Melbourne, gli All Blacks… e il console
Partiti da Canberra, giacca e cravatta più una borsa, come per una normale partita di campionato.
Invece siamo arrivati non a Calvisano o a L’Aquila, ma a Melbourne, città magnifica, alta densità umana e femminile, insomma: Australia. Albergo in centro, roba di lusso.
Poi grande padiglione e presentazione ufficiale di tre squadre: Nuova Zelanda, Canada e Italia, appunto. E consegna del cappellino, che qui chiamano semplicemente “cap”, anche questo ufficiale, tipo da baseball ma con un ciuffetto dorato.
Neozelandesi e canadesi mi hanno fatto impressione.

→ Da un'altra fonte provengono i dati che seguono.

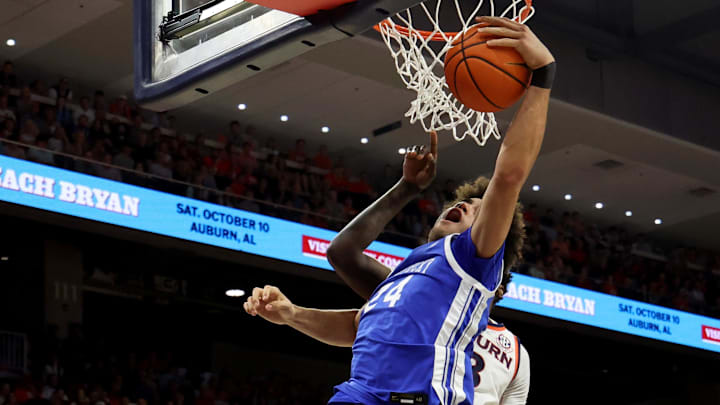 Feb 21, 2026; Auburn, Alabama, USA;  Kentucky Wildcats center Malachi Moreno (24) grabs a rebound against the Auburn Tigers during the first half at Neville Arena. Mandatory Credit: John Reed-Imagn Images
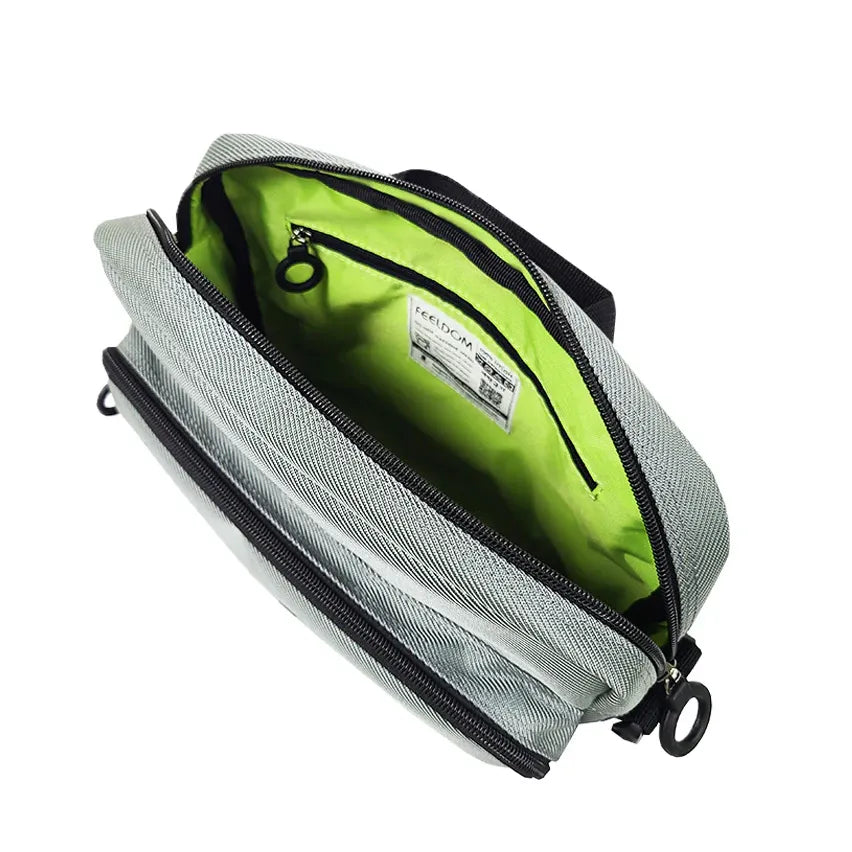 Interior view of FEELDOM MODU-Satchel adaptive bag with high-visibility lining, zipper pocket, and organized storage compartments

I canadesi perché sono grandi e grossi. Anche i neozelandesi sono grandi e grossi, ma in più saranno anche bravi. Li ho visti da lontano, perché se poi gli vai vicino, rischi di fare amicizia, e invece fino alla fine della partita è meglio coltivare una sana e sportiva inimicizia. Li ho visti come al solito, guardandoli dal basso verso l’alto.
Comunque qualcuno, nonostante la lontananza e il punto di vista, l’ho riconosciuto.

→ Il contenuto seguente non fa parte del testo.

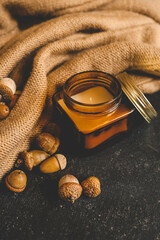 Jar candle and acorns on a knitted fabric background, creating a cozy autumn atmosphere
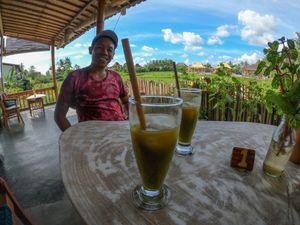 Pande the owner made a healing juice with the ingridients from his garden. at Vegan Healing Garden in Ubud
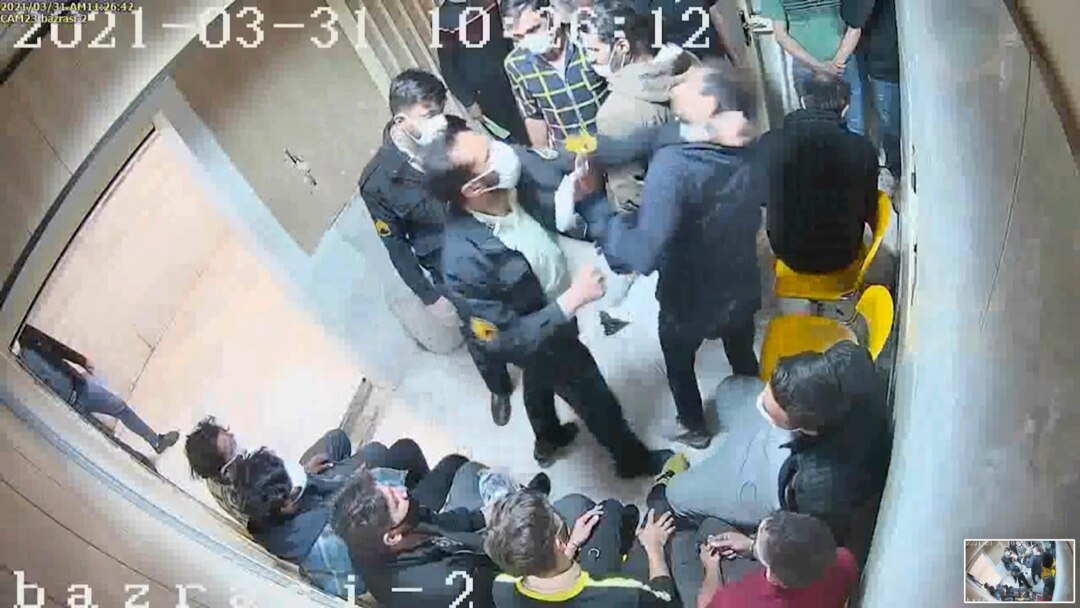 In this frame grab taken from video shared with AP by 'The Justice of Ali,' a guard beats a prisoner, at Evin prison in Tehran, Iran. (The Justice of Ali via AP)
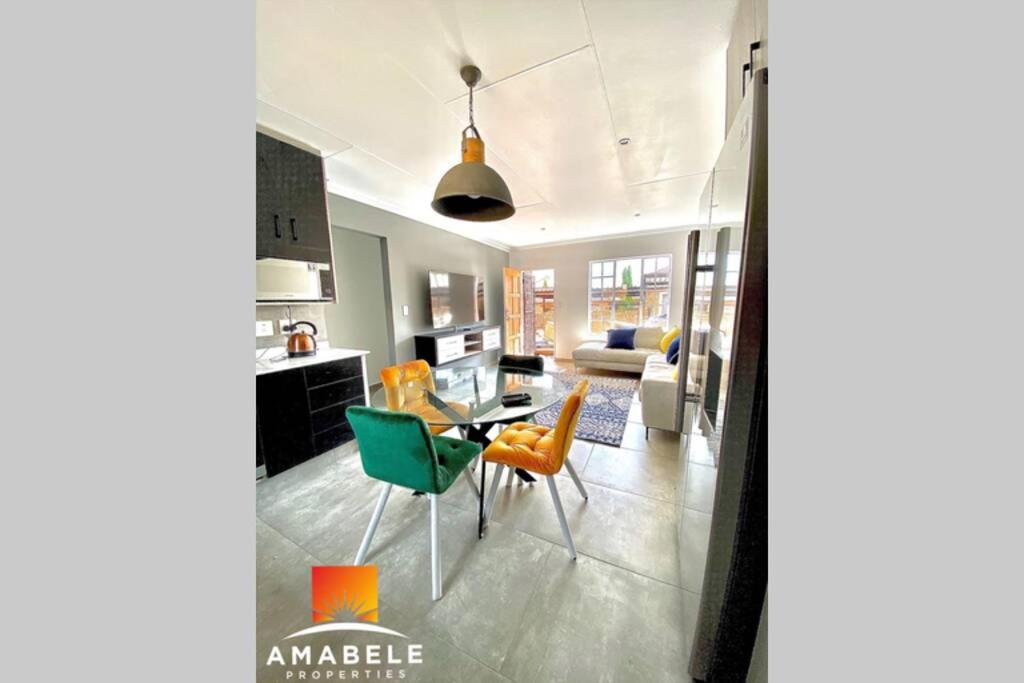 eine Küche und ein Wohnzimmer mit einem Tisch und Stühlen in der Unterkunft Castle45 in Roodepoort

Jerry Collins, il numero 8, è uno di quelli che si riconoscono anche a occhi chiusi. Senti la sua presenza. Ingombrante.
Mi sono detto: “Questo qui è meglio che non lo guardi dalla cintola in su, altrimenti mi viene il mal di stomaco”. Non perché sia brutto. E’ che non finisce mai. Così gli guardavo solo le gambe. E le sue gambe a un certo punto finiscono. Quasi all’altezza della mia testa.

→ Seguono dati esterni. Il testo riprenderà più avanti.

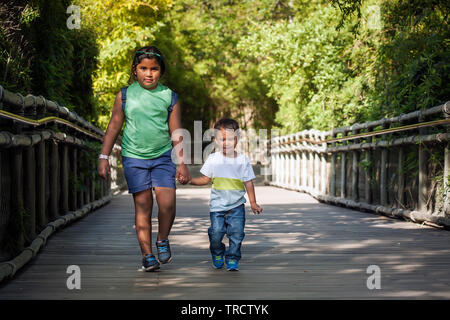 Große Schwester und Bruder zusammen gehen, Hände auf dem Bambus umgeben weg während des Sonnenuntergangs. Stockfoto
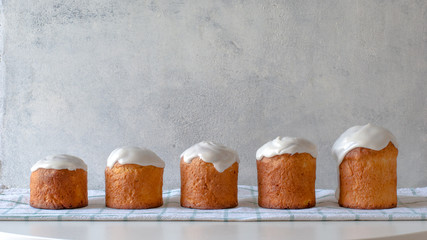 Five pieces of Easter cakes in a row in ascending order from small to large. Festive bread on the background of light gray concrete wall. Concept of growth, increase.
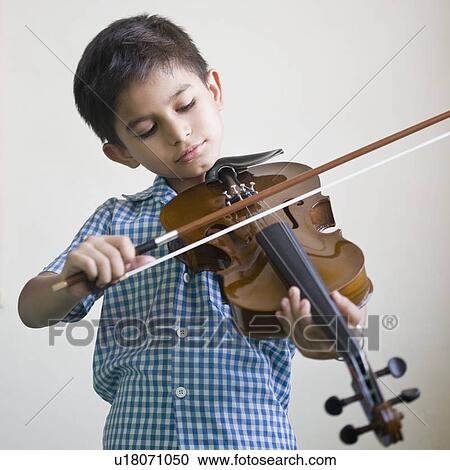 Close-up of a schoolboy playing a violin View Large Photo Image Stock Image - Close-up of a schoolboy playing a violin. Fotosearch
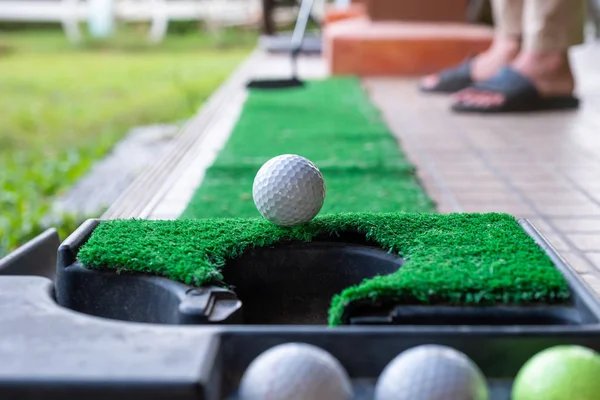 Golfer putting a golf ball into the edge hole — Stock Photo, Image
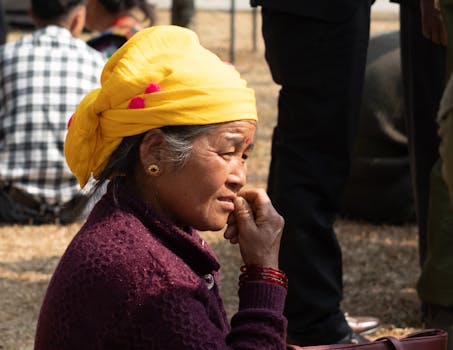 Elderly woman wearing a yellow turban, sitting outdoors in Pokhara, Nepal. Captured candidly in a park setting.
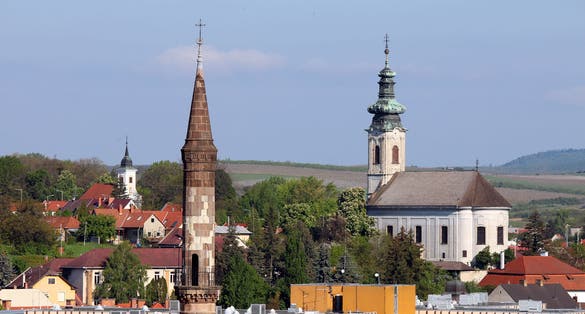 photo of view of minaret and churches different religions in one city Eger Hungary .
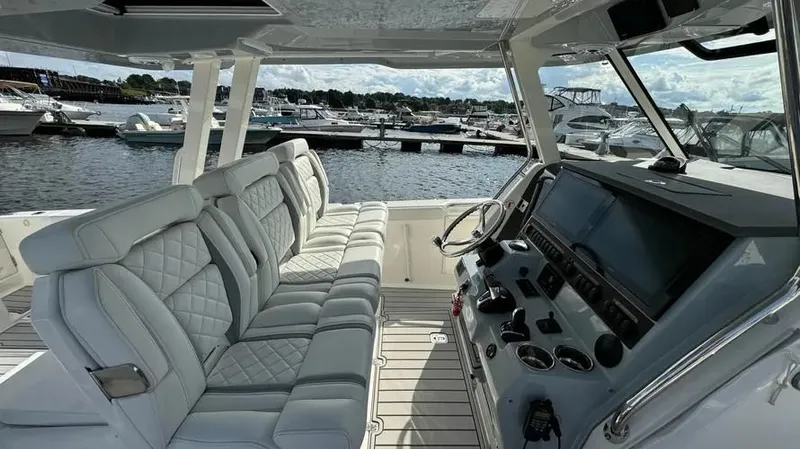 Slide: The Image of 2022 Pursuit S 358 Sport boat interior with luxurious seating and modern dashboard. - 12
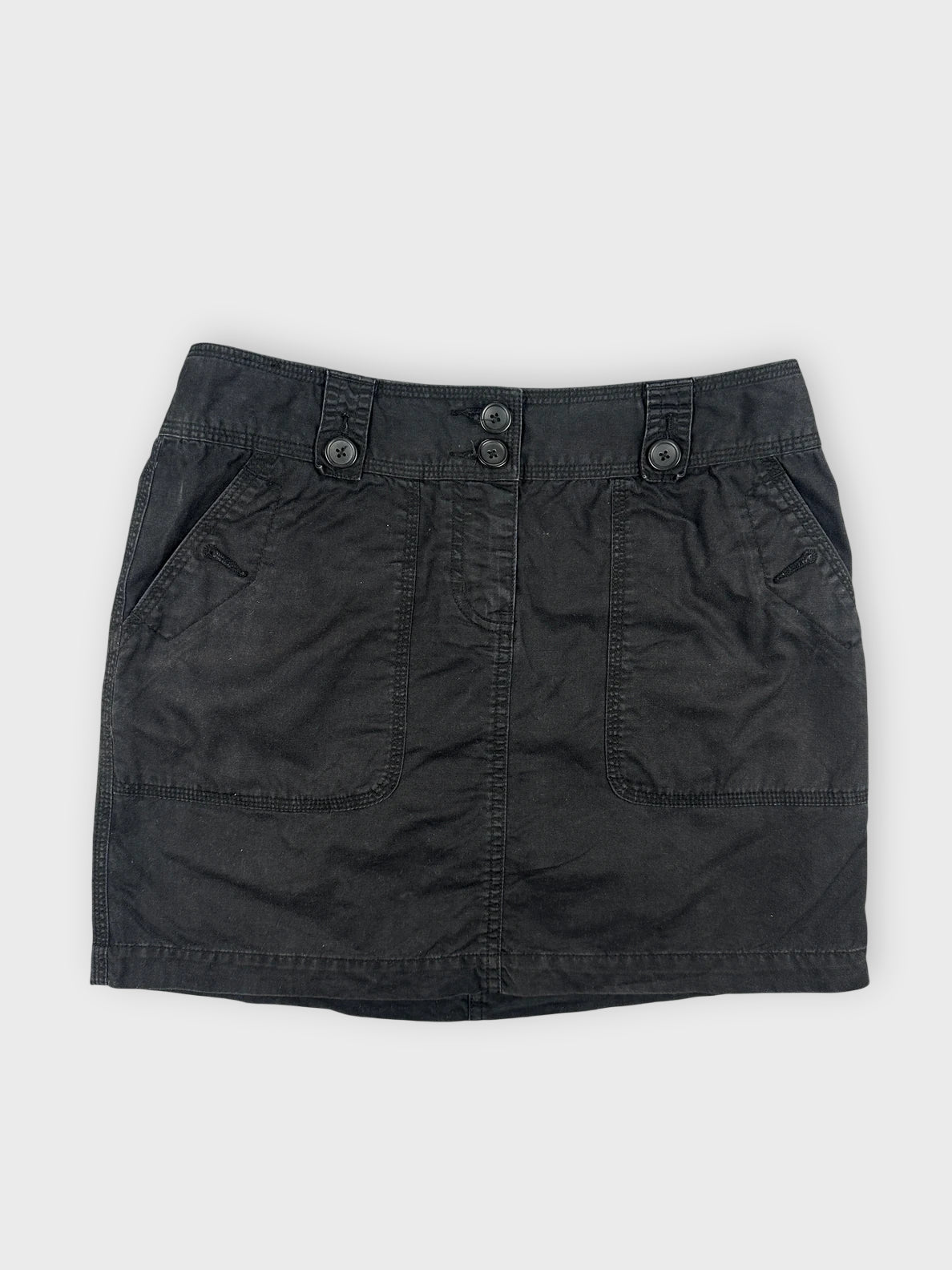 Chic black mini skirt front view with button details and two pockets.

Poi Justin Marshall, il mediano di mischia, mio avversario diretto. Un monumento. Solo che è un monumento di quelli che non stanno fissi su un piedistallo, ma che si muovono a cento all’ora.
Volendo, c’era anche da mangiare e bere. Noi solo acqua e succhi di frutta. Il nostro preparatore atletico, Pascal Valentini, girava con una telecamera per documentare chi trasgrediva gli ordini. C’era anche il console.
Ho sempre pensato che i consoli fossero degli italiani ricconi che se la godono all’estero. A occhio, avevo ragione.